The Story Behind The University Of Tennessee’s Unofficial Fight Song, ‘Rocky Top’
The song “Rocky Top” has been a staple among Tennessee residents for decades. It is especially honored by the University…
Neyland Stadium, Knoxville, TN. Photo By Kate Luffman/Tennessee Athletics, Courtesy of Facebook
The song “Rocky Top” has been a staple among Tennessee residents for decades. It is especially honored by the University of Tennessee Volunteers who claimed the tune as their unofficial fight song in the early 1970s after it was first performed by the marching band at a football game against Alabama Crimson Tide.
Since then, the song has remained a vital part of the football season and with fall right around the corner, fans and players are gearing up to welcome this song back into Neyland Stadium in hopes that it will motivate the Vols to bring their team to victory.
Story Behind The Song
Seeing as how “Rocky Top” has become such an iconic tune, it may come as a surprise to some to learn that it actually came about accidentally. The story goes, back in 1967, the husband-and-wife songwriting duo, Felice and Boudleaux Bryant, were staying at the Gatlinburg Inn inside room 388 while penning an album for Archie Campbell, star of the show Hee Haw.
The couple’s son, Del Bryant, previously explained to several news outlets that at the time, his parents only had two songs left to complete the album when Felice Bryant started to argue that they needed to write a more upbeat track.

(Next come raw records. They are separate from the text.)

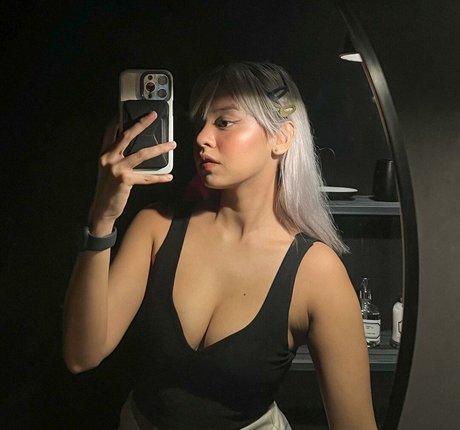 Daniella Roi アダルトモデル 画像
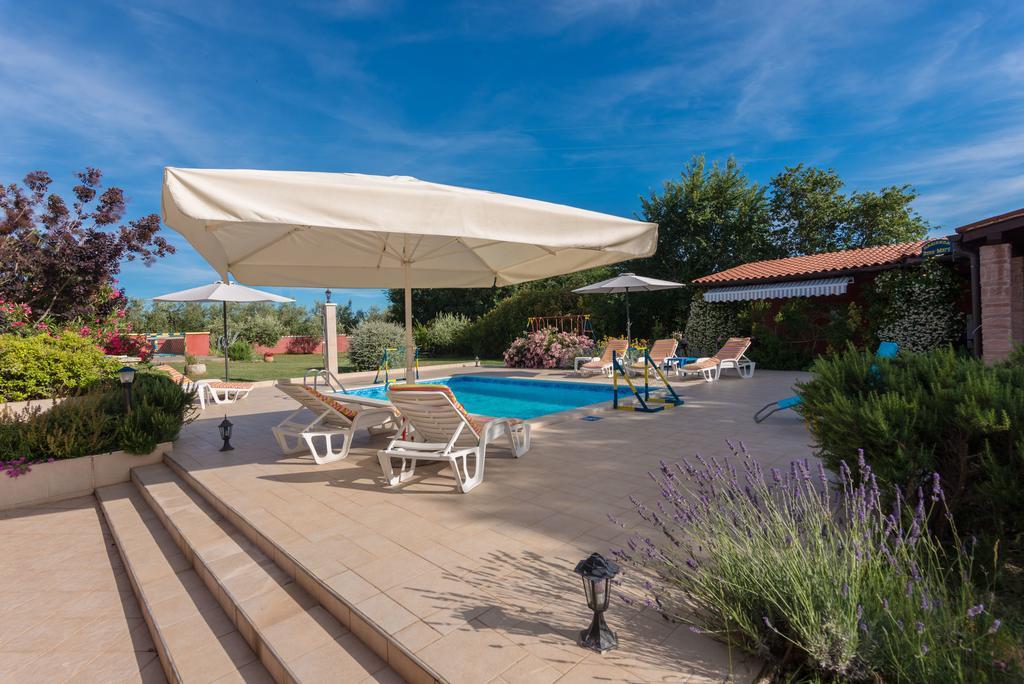Hacienda Rosemary Villa Muntić Kültér fotó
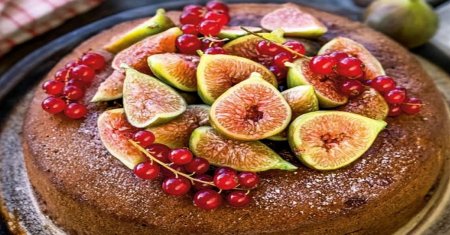 Reteta delicioasa perfecta pentru o zi <span style='background:#EDF514'>DE VARA</span>! Cum pregatim rapid o prajitura cu fructe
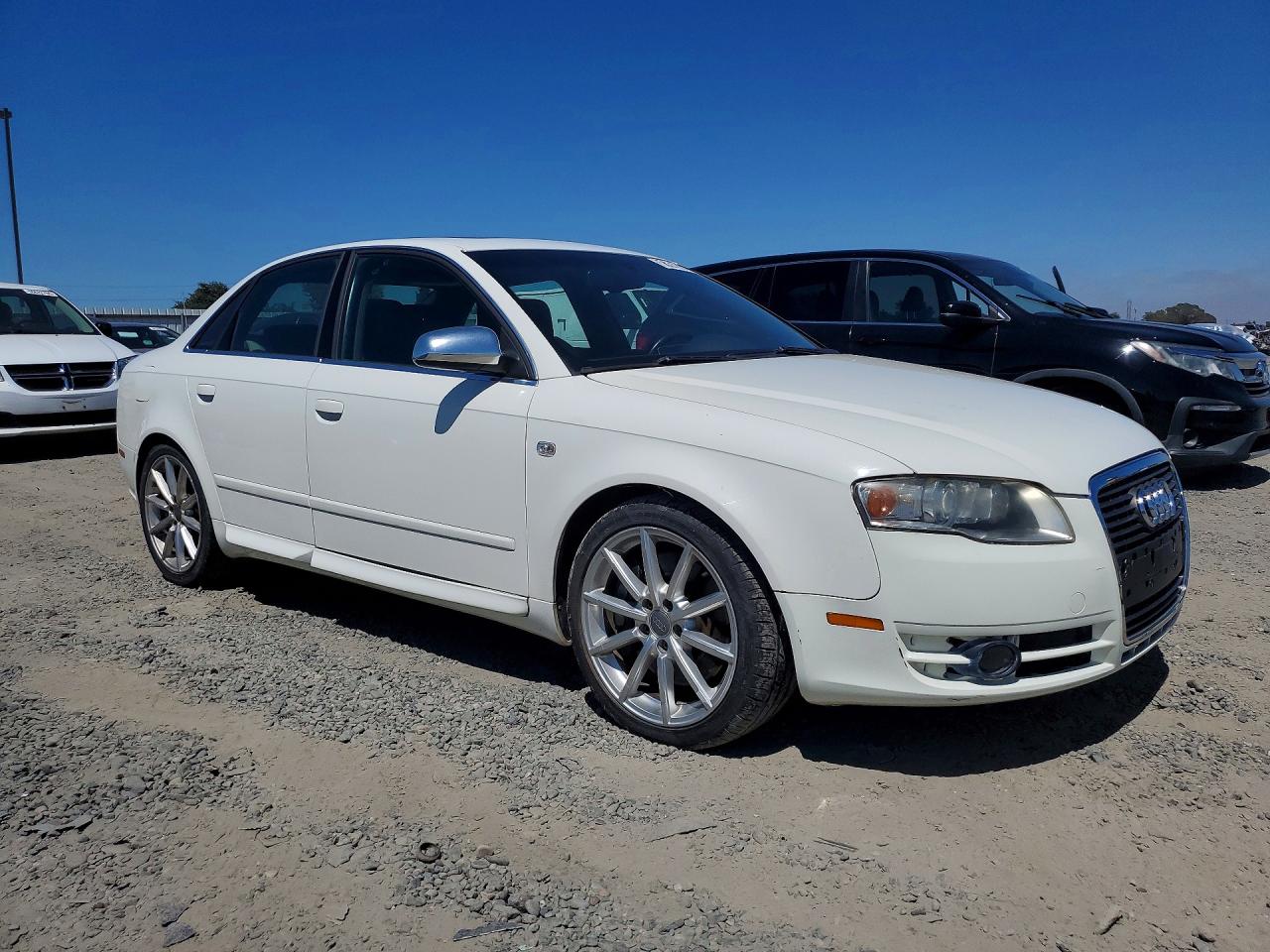 2005 Audi New S4 Quattro White vin: WAUGL78E95A544140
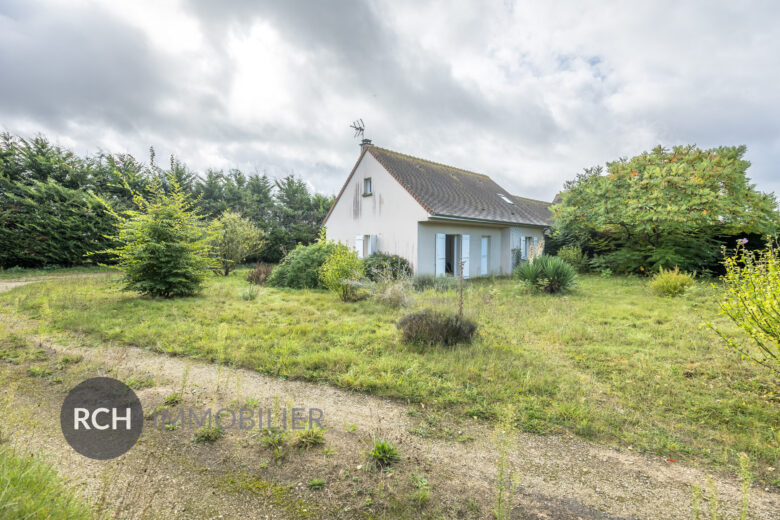 Photos du bien : Civry-la-Forêt – Maison lumineuse avec bel espace extérieur arboré et clos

“They were writing an album for Archie Campbell called The Golden Years and Mom felt as though she were aging dramatically with every old age song they wrote,” Bryant told The Tennessean. “She said, ‘Boudleaux, let’s do a mountain song, a bluegrass song, anything else.’”
During an interview with the Knoxville, TN news station, WVLT, Bryant expanded on his story as he shared, “My father got a little bit upset with her. So, he grabbed his guitar and started singing, ‘Wish that I was on old Rocky Top down in the Tennessee hills,’ there what do you think?’ She said, ‘I like it. Let’s write it,’ and then about 15 minutes later, it was written.”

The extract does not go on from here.